Born in February 1923 in Phillipsburg, New Jersey, Frederick Kroesen spent his boyhood and high-school years in that state. He had wanted to attend West Point, but was unable to secure a Congressional appointment, so he went to Rutgers University where he participated in its ROTC program. Called to active duty as an enlisted man in 1943, he went through six months of basic training. He then attended the Infantry Officer Candidate School at Fort Benning and was commissioned a second lieutenant in August 1944. He soon found himself in Europe leading a platoon in the 63rd Division (“Blood and Fire”) and taking part in the campaigns that led to the final defeat of the German army.

It was the first of a long series of military assignments, a series that spanned four decades and that featured commands at all levels of the Army. After two company commands in Europe and the passage of a few years of peace, he found himself in Korea, where he commanded a battalion in the 187th Airborne Regimental Combat Team. Fifteen years later he was serving his first of two tours in Vietnam in command of the 196th Infantry Brigade, part of the 23rd Infantry Division (“Americal”). During his second tour in Vietnam, General Kroesen commanded both that division and, later, the First Regional Assistance Command. During the post-Vietnam, Cold War years, he served as Commanding General of the 82nd Airborne Division in North Carolina, the VII Corps in Germany, and Forces Command in Georgia. Finally, after an assignment as Vice Chief off Staff of the Army, he took his last active-duty job, that of Commander in Chief, US Army, Europe (CINCUSAREUR) and Commander in Central Army Group (CENTAG), NATO.

He was wounded during each of the four wars in which he served, World War II, the Korean War, the Vietnam War, and the Cold War. He sustained the last of these wounds in an assassination attempt in Heidelberg, Germany, by a Kommando of the Red Army Faction in September 1981. He was 59 years old.

General Kroesen’s style of leadership has inspired the respect and loyalty of thousands who have known him or served under him. His philosophy of command is simple and direct. In every assignment, from platoon leader to Army Commander, he issued mission orders and refused to “micromanage” his subordinates. Furthermore, he encouraged those below him in the chain of command, officers and NCOs alike, to lead in the same way.

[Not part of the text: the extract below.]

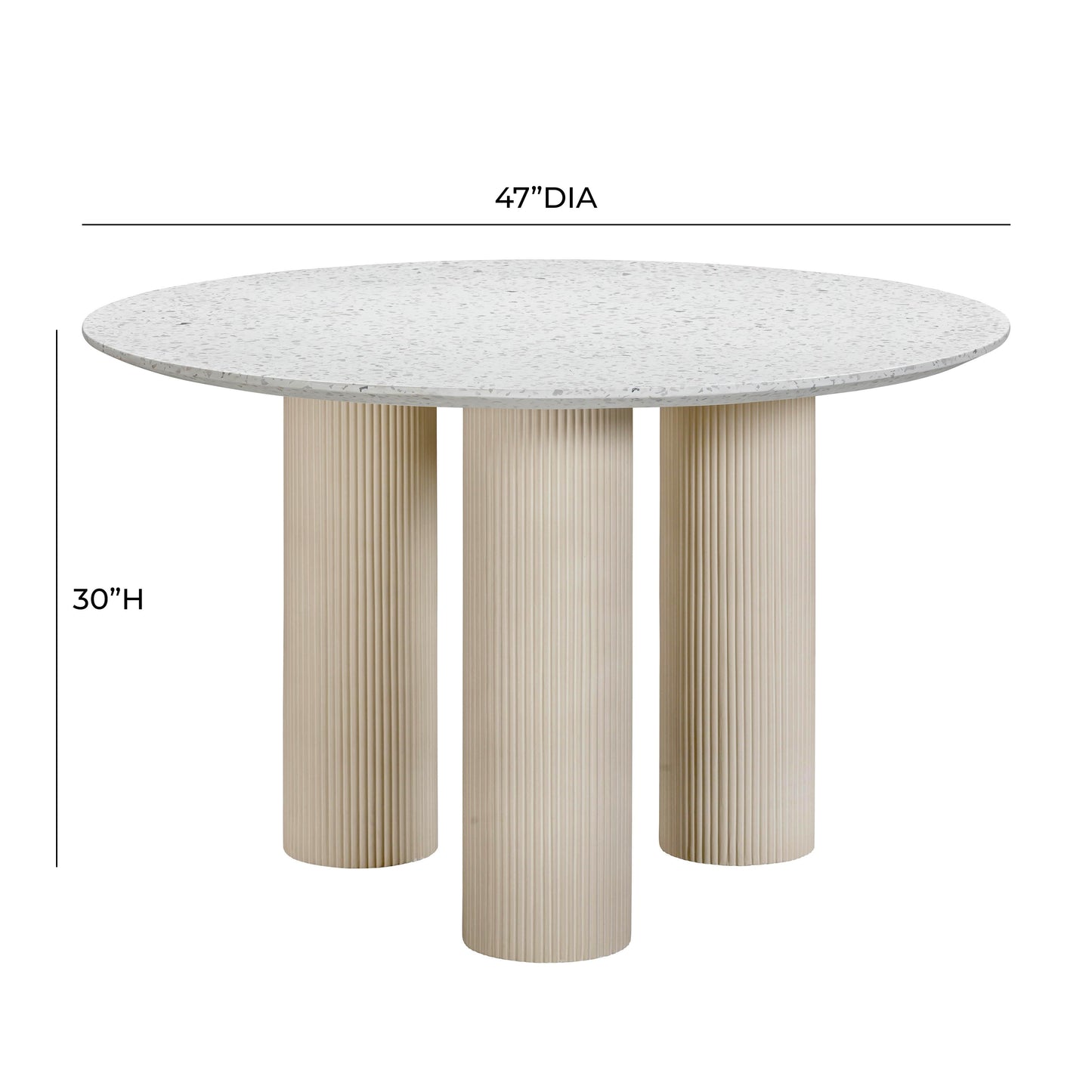 Parcino Terrazzo Concrete Indoor Or Outdoor Dining Table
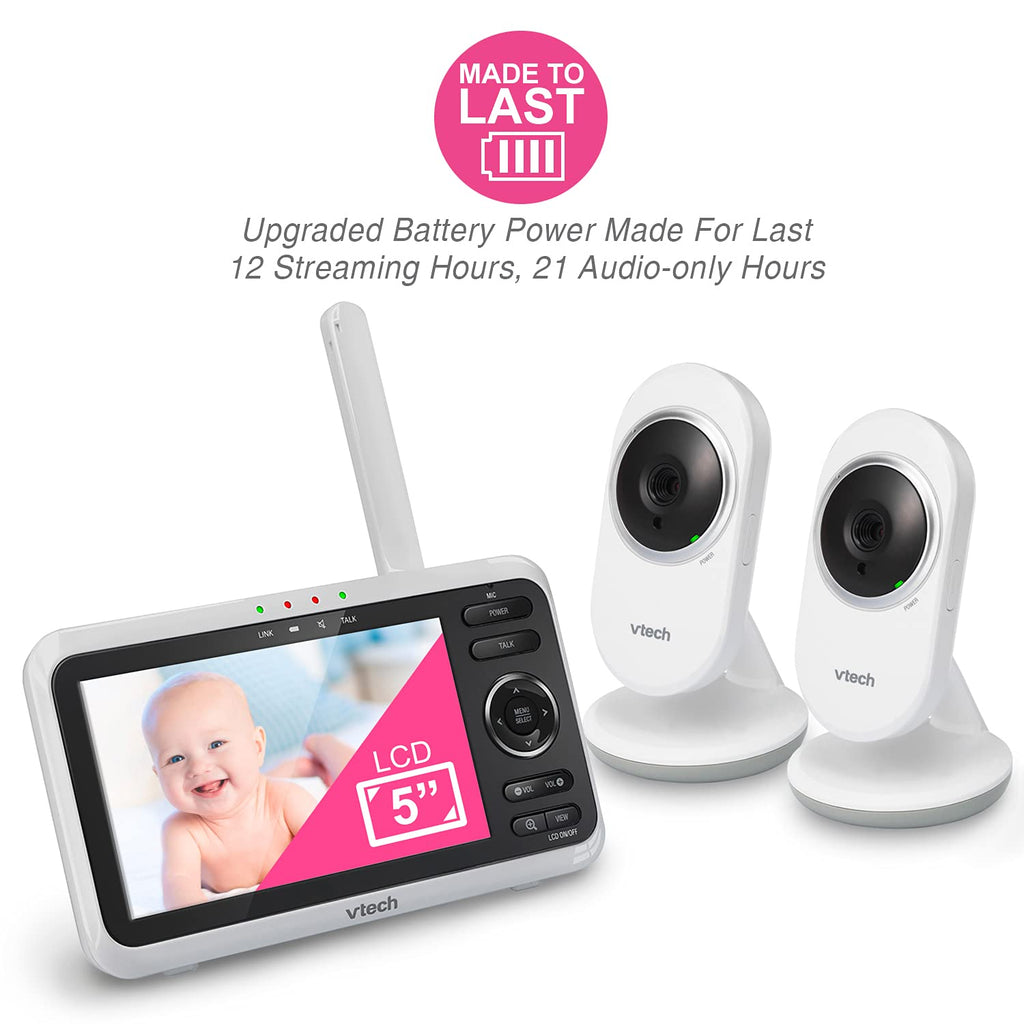 Video Monitor with 5 Screen, 2 Cameras, Night Vision U95397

During the more than two decades since retiring from active duty, General Kroesen has continued to serve. His speeches, including ones at the World War II Memorial and at the Holocaust Museum, have inspired listeners both in and out of uniform. His service for the Association of the United States Army (AUSA) is cited in the numerous awards he has received at the national and chapter level of that organization. His extensive writing on military subjects, especially for Army Magazine, has been insightful and wise.

He and his wife Rowene live in Alexandria, Virginia.